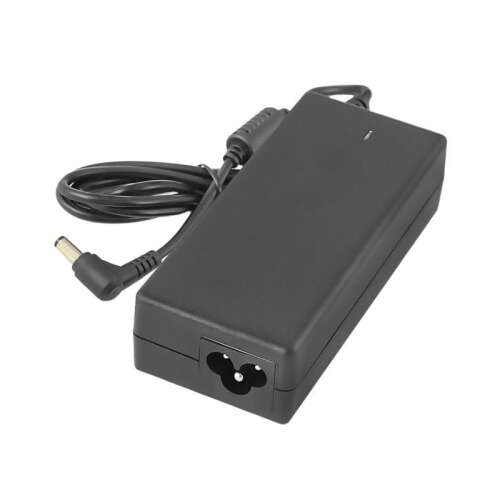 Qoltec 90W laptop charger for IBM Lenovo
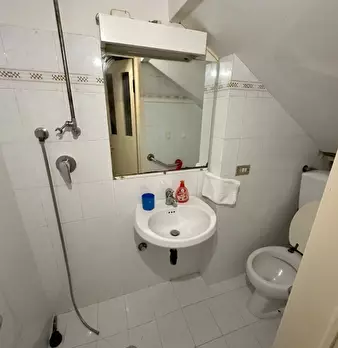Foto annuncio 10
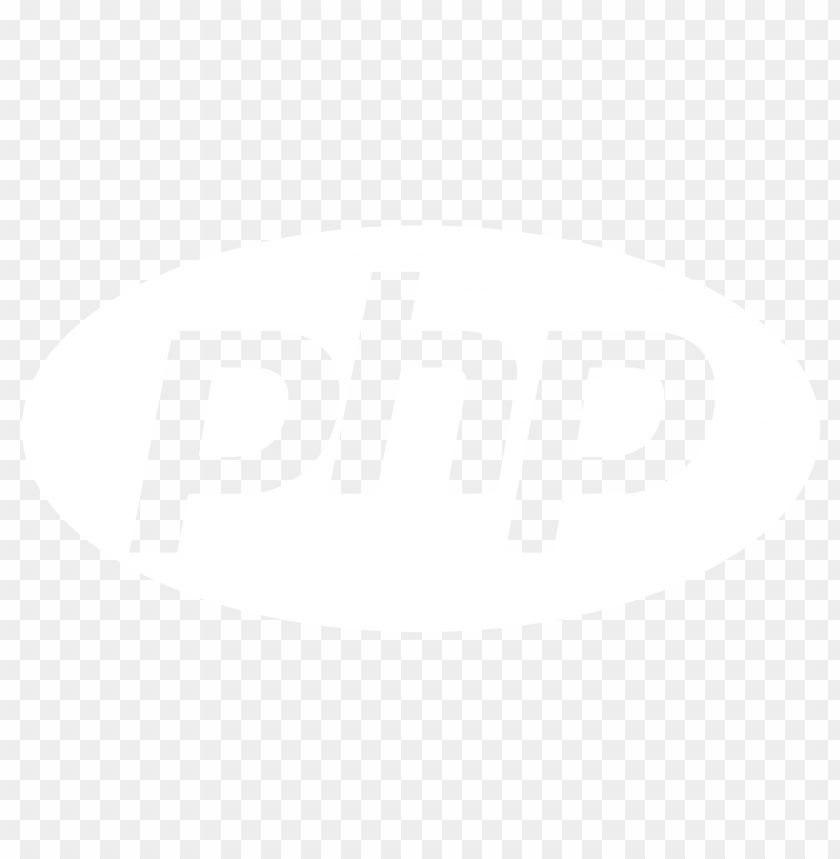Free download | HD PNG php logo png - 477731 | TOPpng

____________________

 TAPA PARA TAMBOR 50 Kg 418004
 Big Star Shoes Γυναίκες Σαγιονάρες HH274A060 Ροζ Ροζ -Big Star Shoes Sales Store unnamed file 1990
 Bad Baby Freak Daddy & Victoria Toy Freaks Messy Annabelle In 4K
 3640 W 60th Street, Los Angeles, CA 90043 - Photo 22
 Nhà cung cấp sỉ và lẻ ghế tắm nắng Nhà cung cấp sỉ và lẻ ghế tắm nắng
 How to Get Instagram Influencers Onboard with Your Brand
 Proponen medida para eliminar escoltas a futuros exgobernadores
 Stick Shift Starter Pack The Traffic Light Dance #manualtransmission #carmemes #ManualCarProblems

____________________

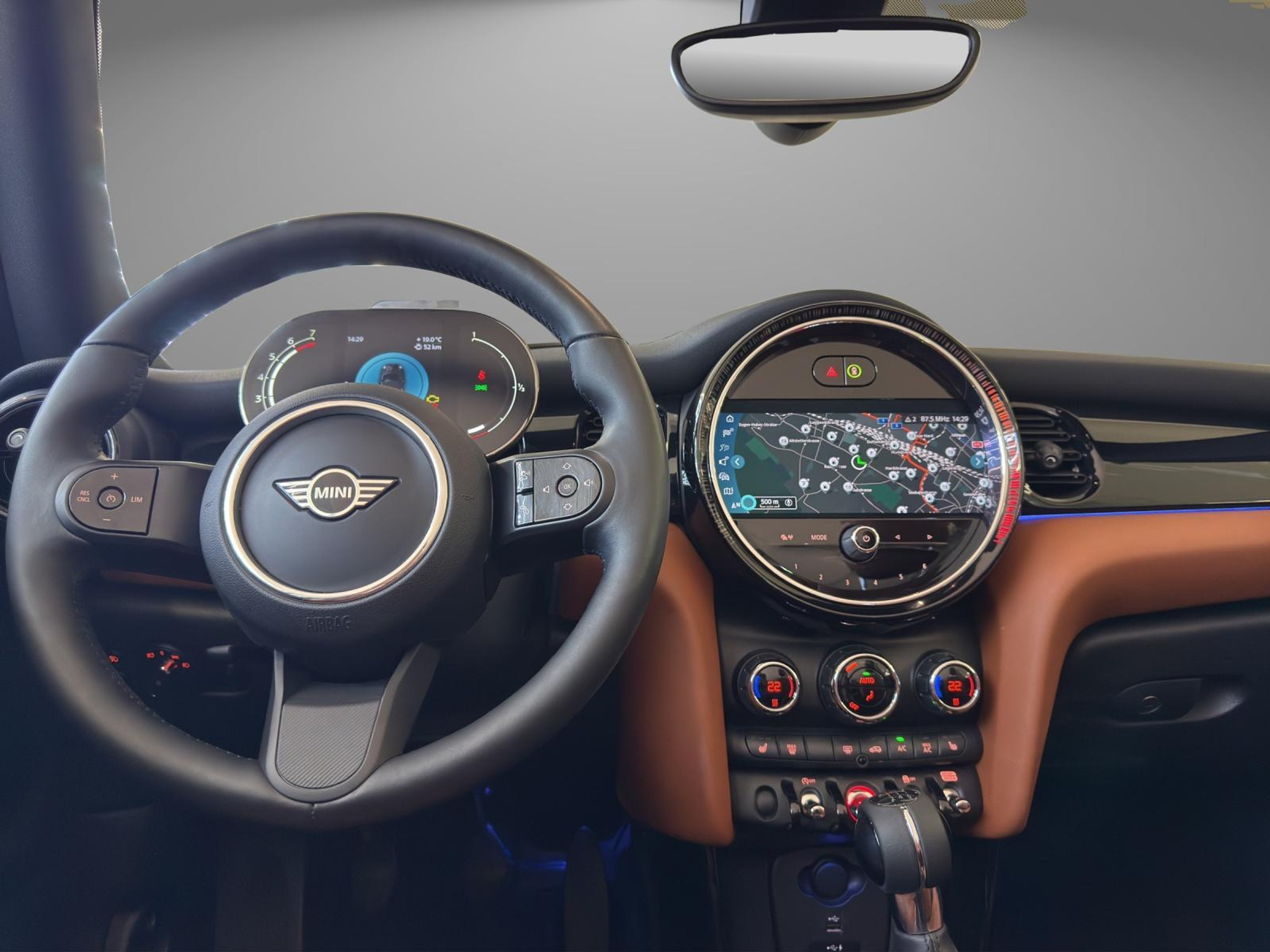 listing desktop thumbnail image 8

____________________

Required work: Everything from the line above that contains "Qoltec 90W laptop charger for IBM Lenovo" down to the line that contains "Free download |" must be reproduced exactly, both ends included. Omit the pictures.

Solution for this problem:
 Qoltec 90W laptop charger for IBM Lenovo
Foto annuncio 10
Free download | HD PNG php logo png - 477731 | TOPpng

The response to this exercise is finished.